The Fractional Knapsack Problem is a variation of the 0/1 knapsack problem, where we can take fractions (or portions) of items, rather than having to decide whether to include or exclude each item entirely. This makes the problem easier to solve because you are allowed to break an item into smaller parts and take just a fraction of its total value or weight, depending on the knapsack's capacity.

Problem Statement:

We are given n items, each with:
- A value v[i]
- A weight w[i]
We are given a knapsack with a weight capacity W.
Our goal is to determine the maximum value that can be obtained by selecting fractions of items such that the total weight does not exceed W.

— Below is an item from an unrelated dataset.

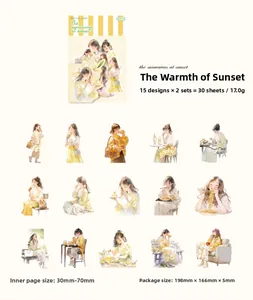 Detail view of 30pcs vintage warm yellow PET stickers with 15 unique character designs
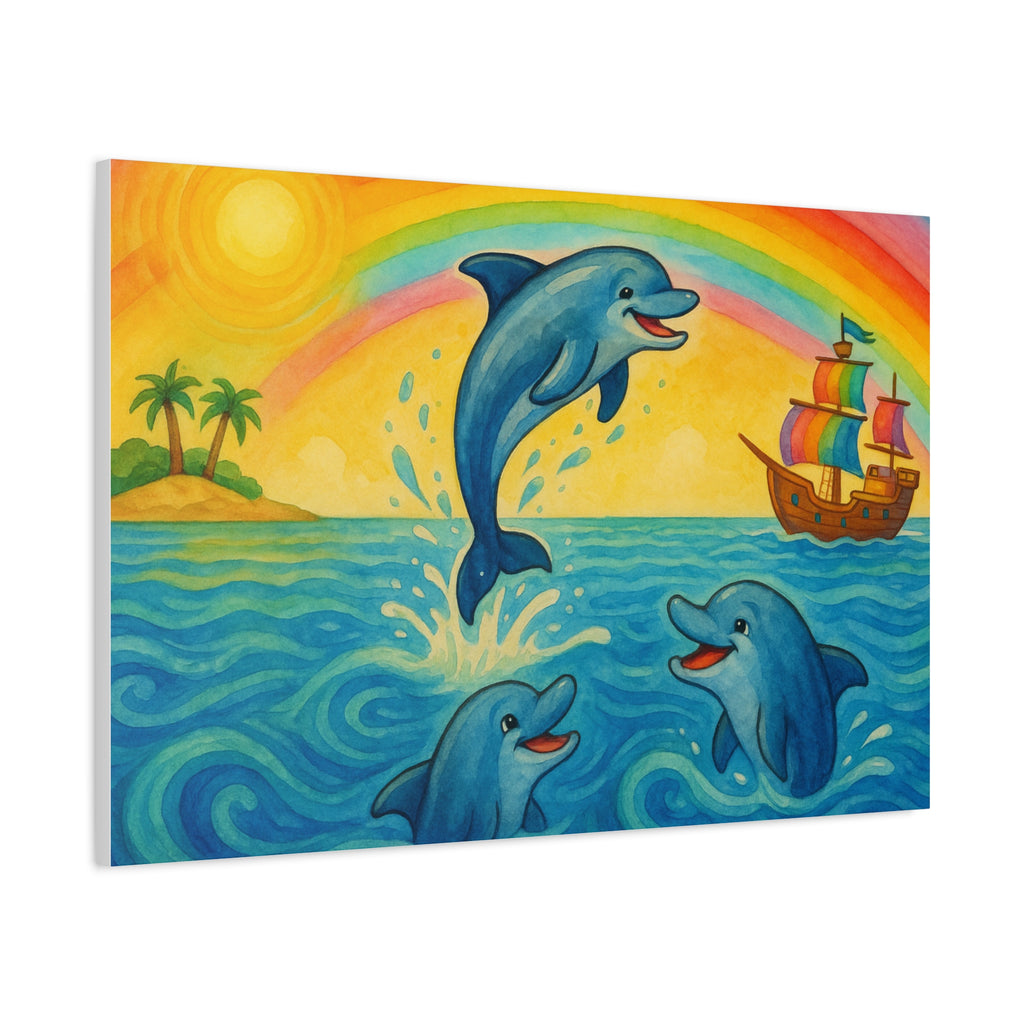 Colorful Dolphin Canvas Wall Art, Nautical Home Decor, Beach Vibes, Kids Bedroom Wall Art, Ocean-Themed Gift, Bright Rainbow Print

Unlike the 0/1 Knapsack Problem, in the fractional version, we can take any fraction of an item, and the value of the fraction will be proportional to the amount of that item taken.

Greedy Approach:

The Fractional Knapsack Problem can be solved using a Greedy Algorithm, as it satisfies the greedy-choice property. This means that the locally optimal choice at each step (i.e., picking the most valuable item per unit weight) leads to a globally optimal solution.

Greedy Strategy:

Compute the value-to-weight ratio for each item:
For each item i, calculate the ratio v[i] / w[i]. This ratio indicates the value we get per unit of weight.
Sort the items based on the value-to-weight ratio in descending order.
Take the items:
- Start with the item with the highest value-to-weight ratio.
- Take as much of this item as possible (up to the knapsack's remaining capacity).
- If the remaining capacity is less than the item's weight, take the fraction of the item that fits.
Repeat for the next most valuable item until the knapsack is full or all items have been considered.

Mathematical Formulation:

Given items i with value v[i] and weight w[i], the value-to-weight ratio is:

ratio[i] = v[i] / w[i]

To maximize the value, we:

Sort the items in descending order of the value-to-weight ratio.
Take the fraction of the items that fits in the remaining capacity of the knapsack.

Steps to Solve:

Compute the value-to-weight ratio for each item.
Sort items based on the value-to-weight ratio.
Iterate over the sorted items, and for each item:
- If the item can fully fit, take it completely.
- If the item cannot fully fit, take the fraction that can fit.
Repeat the process until the knapsack is full or all items are processed.

Example:

Let's go through an example to better understand the solution.

Given:

Knapsack capacity: W = 50
Items with their values and weights:

Item	Weight (w[i])	Value (v[i])	Value-to-Weight Ratio (v[i]/w[i])
1	10	60	6.0
2	20	100	5.0
3	30	120	4.0

Steps to Solve:

Compute value-to-weight ratios:
- Item 1: $\frac{60}{10} = 6.0$
- Item 2: $\frac{100}{20} = 5.0$
- Item 3: $\frac{120}{30} = 4.0$
Sort the items based on the value-to-weight ratio (in descending order):
- Item 1: 6.0
- Item 2: 5.0
- Item 3: 4.0
Start filling the knapsack:
- Item 1: Weight = 10, Value = 60, Ratio = 6.0
  - Take the whole item (capacity left = 50 - 10 = 40).
  - Total value = 60.
- Item 2: Weight = 20, Value = 100, Ratio = 5.0
  - Take the whole item (capacity left = 40 - 20 = 20).
  - Total value = 60 + 100 = 160.
- Item 3: Weight = 30, Value = 120, Ratio = 4.0
  - The knapsack has only 20 capacity left. Take 20/30 of the item (fraction).
  - Fraction of value = $\frac{20}{30} \times 120 = 80$ .
  - Total value = 160 + 80 = 240.
Knapsack is full with a total value of 240.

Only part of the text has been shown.